• The task: Copy out the records that follow, leaving every character as it is.
◇ ◇ ◇ ◇ ◇ ◇ ◇
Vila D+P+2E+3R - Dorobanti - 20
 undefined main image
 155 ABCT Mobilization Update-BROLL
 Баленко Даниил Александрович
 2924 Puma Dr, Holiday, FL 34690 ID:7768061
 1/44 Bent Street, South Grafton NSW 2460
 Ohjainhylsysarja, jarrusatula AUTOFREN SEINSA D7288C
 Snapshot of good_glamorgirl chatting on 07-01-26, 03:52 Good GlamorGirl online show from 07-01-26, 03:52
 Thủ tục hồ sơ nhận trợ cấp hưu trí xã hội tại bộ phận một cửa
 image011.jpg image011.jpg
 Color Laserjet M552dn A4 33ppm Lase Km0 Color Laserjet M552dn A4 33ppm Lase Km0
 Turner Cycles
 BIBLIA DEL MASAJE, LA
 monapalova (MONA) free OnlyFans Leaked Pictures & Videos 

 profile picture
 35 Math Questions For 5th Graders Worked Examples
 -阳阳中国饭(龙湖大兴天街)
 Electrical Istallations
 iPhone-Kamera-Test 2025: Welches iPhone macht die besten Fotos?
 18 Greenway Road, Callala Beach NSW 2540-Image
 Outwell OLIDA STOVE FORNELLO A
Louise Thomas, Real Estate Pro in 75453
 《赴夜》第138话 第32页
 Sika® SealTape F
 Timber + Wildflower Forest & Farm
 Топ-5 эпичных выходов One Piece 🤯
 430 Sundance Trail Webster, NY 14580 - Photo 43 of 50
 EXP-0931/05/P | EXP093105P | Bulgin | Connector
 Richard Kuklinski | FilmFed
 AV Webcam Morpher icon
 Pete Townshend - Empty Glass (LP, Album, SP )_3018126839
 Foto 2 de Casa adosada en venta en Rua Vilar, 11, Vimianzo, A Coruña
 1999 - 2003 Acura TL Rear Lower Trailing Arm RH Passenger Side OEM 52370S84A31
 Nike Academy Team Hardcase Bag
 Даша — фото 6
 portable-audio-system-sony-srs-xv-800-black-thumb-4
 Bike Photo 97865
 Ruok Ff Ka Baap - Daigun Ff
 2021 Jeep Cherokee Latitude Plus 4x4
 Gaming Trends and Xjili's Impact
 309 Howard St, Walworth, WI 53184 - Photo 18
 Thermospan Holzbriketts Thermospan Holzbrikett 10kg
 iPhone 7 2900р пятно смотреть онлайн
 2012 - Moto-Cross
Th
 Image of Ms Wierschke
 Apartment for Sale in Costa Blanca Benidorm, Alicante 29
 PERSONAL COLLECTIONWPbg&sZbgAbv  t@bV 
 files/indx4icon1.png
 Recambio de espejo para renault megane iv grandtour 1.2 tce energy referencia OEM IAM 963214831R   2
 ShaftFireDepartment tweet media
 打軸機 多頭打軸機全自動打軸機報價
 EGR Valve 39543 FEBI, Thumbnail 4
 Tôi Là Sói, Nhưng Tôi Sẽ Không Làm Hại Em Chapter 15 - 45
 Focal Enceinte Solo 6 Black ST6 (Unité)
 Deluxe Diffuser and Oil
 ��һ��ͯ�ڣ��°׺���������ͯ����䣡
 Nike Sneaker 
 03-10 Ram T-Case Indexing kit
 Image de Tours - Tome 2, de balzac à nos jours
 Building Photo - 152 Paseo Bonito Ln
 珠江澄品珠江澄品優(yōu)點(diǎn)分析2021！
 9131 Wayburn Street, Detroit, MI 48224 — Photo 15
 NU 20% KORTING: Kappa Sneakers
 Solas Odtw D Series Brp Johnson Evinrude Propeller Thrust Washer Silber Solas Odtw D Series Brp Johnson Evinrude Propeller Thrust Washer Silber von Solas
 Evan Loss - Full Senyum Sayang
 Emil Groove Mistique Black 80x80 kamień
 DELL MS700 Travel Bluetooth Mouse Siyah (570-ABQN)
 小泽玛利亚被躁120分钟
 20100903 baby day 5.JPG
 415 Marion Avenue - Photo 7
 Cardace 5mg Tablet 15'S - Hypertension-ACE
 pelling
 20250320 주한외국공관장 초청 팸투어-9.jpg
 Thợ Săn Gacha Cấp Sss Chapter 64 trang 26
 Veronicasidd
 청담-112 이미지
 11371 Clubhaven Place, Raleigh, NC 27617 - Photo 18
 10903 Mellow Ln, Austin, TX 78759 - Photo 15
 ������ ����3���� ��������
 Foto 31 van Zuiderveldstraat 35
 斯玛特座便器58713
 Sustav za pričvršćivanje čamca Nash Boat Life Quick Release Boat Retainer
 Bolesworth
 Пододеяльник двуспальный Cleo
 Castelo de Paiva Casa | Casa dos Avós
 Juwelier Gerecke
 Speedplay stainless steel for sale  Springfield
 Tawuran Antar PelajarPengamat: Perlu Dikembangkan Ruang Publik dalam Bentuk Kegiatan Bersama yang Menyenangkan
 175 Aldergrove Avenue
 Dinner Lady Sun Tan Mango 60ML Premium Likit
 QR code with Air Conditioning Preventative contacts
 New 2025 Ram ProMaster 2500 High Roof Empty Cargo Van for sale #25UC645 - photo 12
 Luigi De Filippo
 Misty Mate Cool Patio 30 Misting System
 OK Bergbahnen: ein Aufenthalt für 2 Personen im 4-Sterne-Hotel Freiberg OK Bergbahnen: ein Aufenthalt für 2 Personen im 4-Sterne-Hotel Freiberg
◇ ◇ ◇ ◇ ◇ ◇ ◇
• Exercise response:
Vila D+P+2E+3R - Dorobanti - 20
 undefined main image
 155 ABCT Mobilization Update-BROLL
 Баленко Даниил Александрович
 2924 Puma Dr, Holiday, FL 34690 ID:7768061
 1/44 Bent Street, South Grafton NSW 2460
 Ohjainhylsysarja, jarrusatula AUTOFREN SEINSA D7288C
 Snapshot of good_glamorgirl chatting on 07-01-26, 03:52 Good GlamorGirl online show from 07-01-26, 03:52
 Thủ tục hồ sơ nhận trợ cấp hưu trí xã hội tại bộ phận một cửa
 image011.jpg image011.jpg
 Color Laserjet M552dn A4 33ppm Lase Km0 Color Laserjet M552dn A4 33ppm Lase Km0
 Turner Cycles
 BIBLIA DEL MASAJE, LA
 monapalova (MONA) free OnlyFans Leaked Pictures & Videos 

 profile picture
 35 Math Questions For 5th Graders Worked Examples
 -阳阳中国饭(龙湖大兴天街)
 Electrical Istallations
 iPhone-Kamera-Test 2025: Welches iPhone macht die besten Fotos?
 18 Greenway Road, Callala Beach NSW 2540-Image
 Outwell OLIDA STOVE FORNELLO A
Louise Thomas, Real Estate Pro in 75453
 《赴夜》第138话 第32页
 Sika® SealTape F
 Timber + Wildflower Forest & Farm
 Топ-5 эпичных выходов One Piece 🤯
 430 Sundance Trail Webster, NY 14580 - Photo 43 of 50
 EXP-0931/05/P | EXP093105P | Bulgin | Connector
 Richard Kuklinski | FilmFed
 AV Webcam Morpher icon
 Pete Townshend - Empty Glass (LP, Album, SP )_3018126839
 Foto 2 de Casa adosada en venta en Rua Vilar, 11, Vimianzo, A Coruña
 1999 - 2003 Acura TL Rear Lower Trailing Arm RH Passenger Side OEM 52370S84A31
 Nike Academy Team Hardcase Bag
 Даша — фото 6
 portable-audio-system-sony-srs-xv-800-black-thumb-4
 Bike Photo 97865
 Ruok Ff Ka Baap - Daigun Ff
 2021 Jeep Cherokee Latitude Plus 4x4
 Gaming Trends and Xjili's Impact
 309 Howard St, Walworth, WI 53184 - Photo 18
 Thermospan Holzbriketts Thermospan Holzbrikett 10kg
 iPhone 7 2900р пятно смотреть онлайн
 2012 - Moto-Cross
Th
 Image of Ms Wierschke
 Apartment for Sale in Costa Blanca Benidorm, Alicante 29
 PERSONAL COLLECTIONWPbg&sZbgAbv  t@bV 
 files/indx4icon1.png
 Recambio de espejo para renault megane iv grandtour 1.2 tce energy referencia OEM IAM 963214831R   2
 ShaftFireDepartment tweet media
 打軸機 多頭打軸機全自動打軸機報價
 EGR Valve 39543 FEBI, Thumbnail 4
 Tôi Là Sói, Nhưng Tôi Sẽ Không Làm Hại Em Chapter 15 - 45
 Focal Enceinte Solo 6 Black ST6 (Unité)
 Deluxe Diffuser and Oil
 ��һ��ͯ�ڣ��°׺���������ͯ����䣡
 Nike Sneaker 
 03-10 Ram T-Case Indexing kit
 Image de Tours - Tome 2, de balzac à nos jours
 Building Photo - 152 Paseo Bonito Ln
 珠江澄品珠江澄品優(yōu)點(diǎn)分析2021！
 9131 Wayburn Street, Detroit, MI 48224 — Photo 15
 NU 20% KORTING: Kappa Sneakers
 Solas Odtw D Series Brp Johnson Evinrude Propeller Thrust Washer Silber Solas Odtw D Series Brp Johnson Evinrude Propeller Thrust Washer Silber von Solas
 Evan Loss - Full Senyum Sayang
 Emil Groove Mistique Black 80x80 kamień
 DELL MS700 Travel Bluetooth Mouse Siyah (570-ABQN)
 小泽玛利亚被躁120分钟
 20100903 baby day 5.JPG
 415 Marion Avenue - Photo 7
 Cardace 5mg Tablet 15'S - Hypertension-ACE
 pelling
 20250320 주한외국공관장 초청 팸투어-9.jpg
 Thợ Săn Gacha Cấp Sss Chapter 64 trang 26
 Veronicasidd
 청담-112 이미지
 11371 Clubhaven Place, Raleigh, NC 27617 - Photo 18
 10903 Mellow Ln, Austin, TX 78759 - Photo 15
 ������ ����3���� ��������
 Foto 31 van Zuiderveldstraat 35
 斯玛特座便器58713
 Sustav za pričvršćivanje čamca Nash Boat Life Quick Release Boat Retainer
 Bolesworth
 Пододеяльник двуспальный Cleo
 Castelo de Paiva Casa | Casa dos Avós
 Juwelier Gerecke
 Speedplay stainless steel for sale  Springfield
 Tawuran Antar PelajarPengamat: Perlu Dikembangkan Ruang Publik dalam Bentuk Kegiatan Bersama yang Menyenangkan
 175 Aldergrove Avenue
 Dinner Lady Sun Tan Mango 60ML Premium Likit
 QR code with Air Conditioning Preventative contacts
 New 2025 Ram ProMaster 2500 High Roof Empty Cargo Van for sale #25UC645 - photo 12
 Luigi De Filippo
 Misty Mate Cool Patio 30 Misting System
 OK Bergbahnen: ein Aufenthalt für 2 Personen im 4-Sterne-Hotel Freiberg OK Bergbahnen: ein Aufenthalt für 2 Personen im 4-Sterne-Hotel Freiberg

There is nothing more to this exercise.